Tennis' fight against match-fixing remains an uphill battle

ByJOHNETTE HOWARD
January 16, 2017, 8:51 AM

— -- MELBOURNE, Australia -- Tennis authorities have fortified their anti-corruption efforts in the 12 months since the 2016 Australian Open was rocked on opening day. A BBC and BuzzFeed report alleged that tennis authorities had hid or willfully ignored pursuing match-fixing suspicions against people within the sport, including at least one Grand Slam title winner.

The names and conclusive proof about many of the report's charges have never been forthcoming, though tennis has undergone a lot of organizational changes and soul-searching since. But the general assertion that gambling-related corruption has wormed its way into the sport was underscored yet again just 11 days ago, when reigning Australian Open boys champion Oliver Anderson, a promising 18-year-old from Brisbane, was charged by Victoria police with attempting to fix a Traralgon Challenger match last October. It made him the sixth tennis player to be charged or disciplined this year alone.

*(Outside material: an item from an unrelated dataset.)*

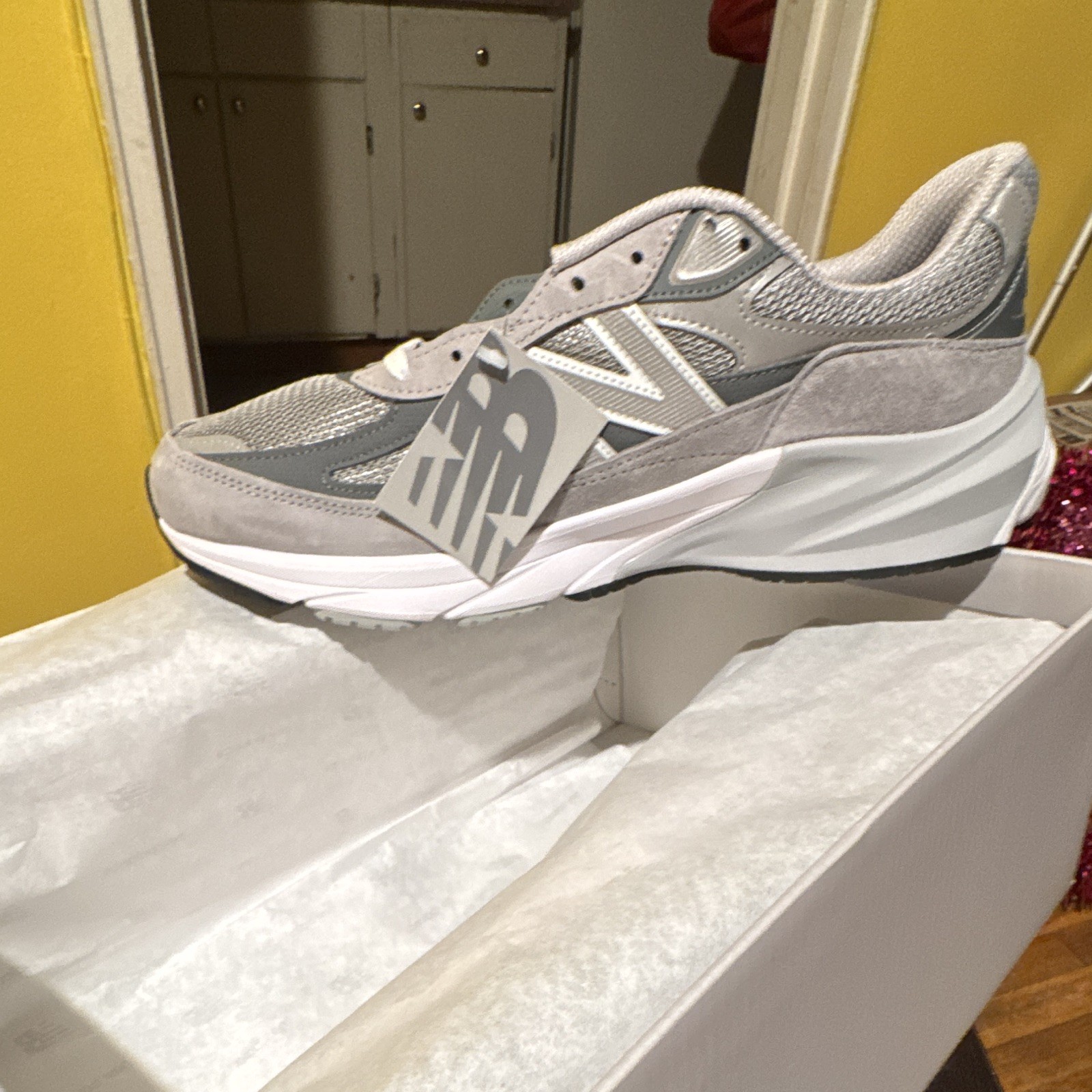 New Balance 990v6 Made in USA M990GL6 Castlerock Gray Suede Mesh Low Top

Anderson's arrest highlighted the paradox that's been created within the sport as this year's Open swung into action without incident Monday: The more tennis succeeds at rooting out possible corruption, the more fresh embarrassment the sport endures. And the bigger -- not smaller -- the enormous policing job can look.

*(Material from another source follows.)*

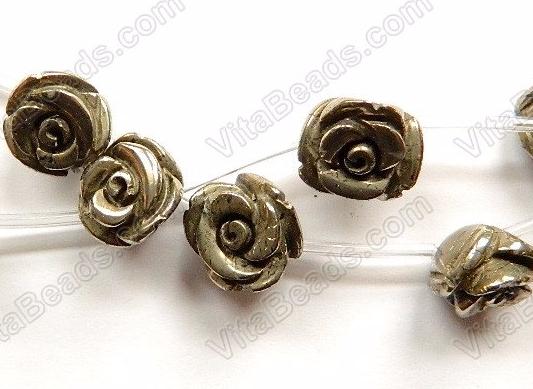 Pyrite AA  -  Carved Rose Flower Beads  16"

"There have been disappointments; there's no doubt about it," Ann West, Tennis Australia's head of integrity and compliance, said Monday at Rod Laver Arena. "You would be naive to say there haven't been."

Rafael Nadal, who was playing in the season-opening Brisbane International when Anderson was arrested, agreed.

"[It's] obviously negative; always in the first month of the season this starts to happen," Nadal said. "You get tired about this kind of stuff."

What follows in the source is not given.